TV shows create an even greater possibility of risky paranormal business. The money is bigger and the pressure to fascinate and keep an audience is huge, even in a paranormal pop culture famished for content. The leading program out there viewership wise is Ghost Hunter and this can lead to situations and disclosures like this. And the discussion can get heated, some good links in the first post leads to 53 pages of discussion, pop goes the paranormal. Paranormal State has had a good share of analysis as to risky and shady stuff. In bigfootery you have Monster Quest, mostly they have presented crappy evidence and eventually conclude it is crappy evidence.

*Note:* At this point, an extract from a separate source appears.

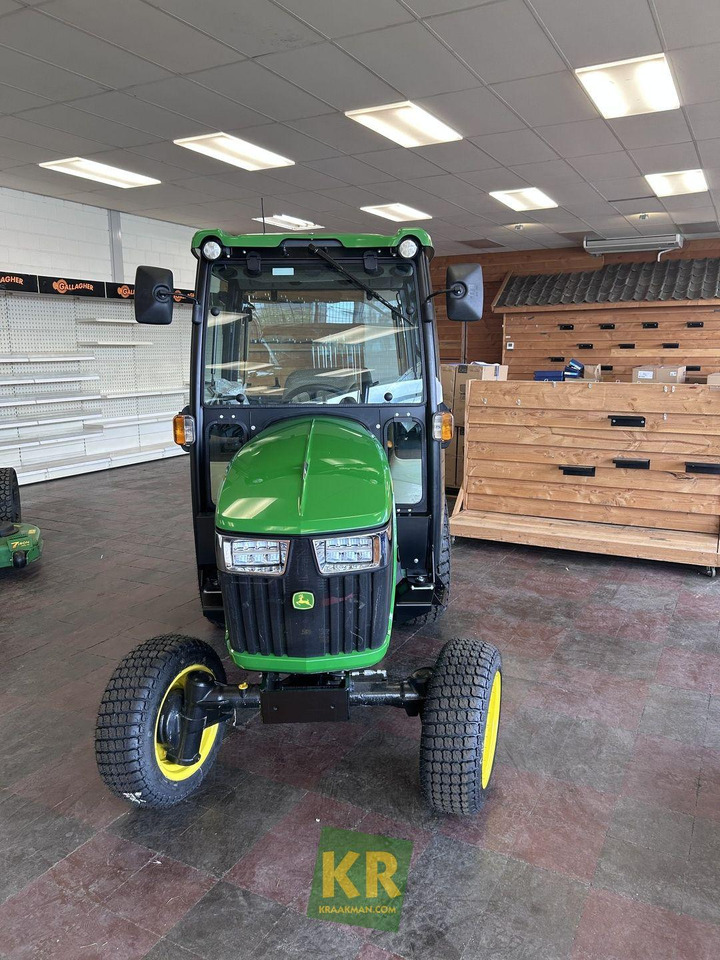 2032R John Deere - Kompaktný traktor: obrázok 2 2032R John Deere - Kompaktný traktor: obrázok 2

The Ohio and Kentucky episodes come to mind. There has been questions about the veracity of the presentation. What will the BFRO show hold if it does actually make it to the air? We are sure there will be many looking at it very closely.
And finally in the spirit of helping fourth level “Bigfoot Researchers” carnival barkers find a new angle for using TV and raising money we present the Reverend Bob Larson, demonologist. Yes, we consider that topic to be in the realm of the paranormal. Reverend Bob has done much to enrich himself with a few things that are downright non-christian like. Bob is riding the paranormal pop explosion himself with a new TV show. But the beauty of Bob, and how he can be a model for the carnival barkers is that he is not satisfied with the TV money. Nope. He is appealing to his flock for donations to help him meet the incredible public response for help that will come with his TV show. So here is the script fourth levelers:
Because of my amazing new appearance, bigfoot sighting reports have poured in. I need your help to give me the gas, food and lodging money so that I can react to these situations and help us all by proving once and for all bigfoot is real. Strike that real part, most likely real due to my compelling evidence, I am not ready to give up the gravy train and solve this mystery just yet, momma wants a house without wheels.